I believe that people can’t give you what they don’t have. It’s not like Ma and Daddy were running off being better parents to some other kids and coming back to be malicious to us; they just didn’t have more to give us, and I knew that. It’s not that they were selfishly withholding resources from us and using it for themselves. If I hadn’t had a hot meal all day, Mom hadn’t had one in two days. If I needed a new winter coat, Dad had duct tape holding his sneakers together because they had holes in them. People can’t give you what they don’t have.
Q: Are there any habits that you retain today because of your childhood experiences?
LM: I love to eat! It may be from my childhood, I’m not sure, but I am never happier than when I’m sitting around a dinner table with the people I love, sharing food and connecting. I remember, when I was homeless, I used to promise myself that one day I would be able to walk into a diner and order anything I wanted off the menu, and that would mean that I’d made it, that I was finally doing okay. Today I can do that, and I take comfort in knowing that I won’t have to go hungry again.

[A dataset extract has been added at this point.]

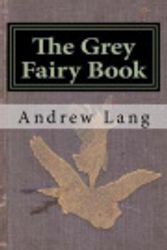 Cover Art for 9781721226504, The Grey Fairy Book by Andrew Lang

Q: What message do you hope readers will take from BREAKING NIGHT?
LM: I want BREAKING NIGHT to push readers to rethink whatever limits they’ve placed on their lives, and I want it to inspire them to surpass those limits --- to step into what is possible for them. Inside of that, I also want this book to help strengthen the relationship people have with their community. My life is evidence that a person never gets where they are going alone. We all need a little help along the way.
Forgiveness is also a huge piece of what I hope to convey in BREAKING NIGHT. I want readers to rethink our human tendency to place blame and hold grudges that close off possibility in relationships based on anger and resentment. My hope is that readers will be inspired to try on someone else’s shoes --- whether it’s a homeless person, a family member they are angry at, or someone else they find tough to understand --- and through the book they will be able to relate to the situation with a deeper compassion for the other person’s humanity, for their struggle and their unique soul.
Q: You speak all over the world, to audiences ranging from school children to heads of state. What about your story seems to resonate? Are there any common reactions?
LM: I started out speaking to small groups of high school students in New York City. When my story received national media attention, I was invited to speak at a few very large conventions. More than 10,000 people attended one of them. These were business people, CEOs of large corporations, even Gorbachev was there. I was terrified, but it went well. The audience was in tears and so was I, and afterwards dozens of people came up to me to ask me to speak to their organizations. I had no way of knowing at the time that speaking would become such an important part of my life. For 10 years now, I’ve traveled the world delivering speeches and workshops that inspire people to lead their best lives.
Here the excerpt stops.